When I went into the Bong Son Plain in January, February, and March of 1966, we were required to use helicopter loud speakers and leaflets to warn enemy villagers that we were going to land in or near their villages. Of course, the enemy was in those villages as well, so he was warned also.

Several things happened later on in that war that I particularly felt were wrong. One was the institution of fire bases We achieved security of our artillery in the first year or so of the war by moving our artillery, by keeping the artillery moving and securing it with a platoon or a company of riflemen.

Another thing that happened was what I called a "fire support base mentality.'' The enemy was smart: he knew the range of our artillery, and he stayed outside that fan. He made us come outside that fan. A dumb commander would come outside that fan and deny his troops the use of fire support in an attempt to finally kill the enemy.

Golden: That was one of my surprises in the 25th Division. From 1968-69 I was in the artillery, and we operated from fire support bases. During the eight months that I was there, I think we moved one fire support base. It had become a very static operation in contrast to the early, very mobile, air mobile operations.

Moore: They were sitting ducks.

Golden: Herb, you got a close look at the helicopter war from the front seat. How did you see our tactics evolving over time? How did the enemy adjust to it? What did we learn as we went through the war?

Fix: The helicopter's main purpose in life is to move that combat soldier combat troop around, to move him from one spot to another spot. The Marines started using that tactic in the Korean War. When we went into the I Corps area, we started using the same type of helicopter tactic.

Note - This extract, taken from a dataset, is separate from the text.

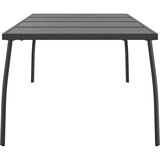 vidaXL Vrtni stol antracit 200 x 100 x 72 cm od čelične mreže | shoptok.hr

It was wonderful as long as we had that element of surprise. It worked. Once you lost the element of surprise, when you dropped leaflets like the general said, they knew where you were going. They were not dumb. They were smart enough to stay hidden, to stay underground during the artillery bombardment and the air attack. But the minute that first helicopter came in, they came out of their holes and started killing the helicopters.

In the movie Patton, George C. Scott walked up on the stage and talked about the purpose of the military person. He said that the military person's purpose was to make the other person die for his country, not for him to die for his country. In some respects, when we dropped those leaflets and announced where we were going, it seemed like we were exercising the theory that we want to die for our country, not have the other guy die.

One tactic that changed was when we first started undergoing helicopter operations, you'd go 5 to 10 to 15 miles. Then we started going 75 to 100 to 150 miles at a time, leap-frogging around from spot to spot. That proved to be very effective because the enemy could not keep track of where we were.

But the enemy learned to keep their heads down, stay down, and avoid gunfire until we came in. 

Golden: How did you coordinate air operations with all the other fire support systems that were around: artillery, air, and so forth? Was that a problem for you? Did you get pretty good at coordinating those fires?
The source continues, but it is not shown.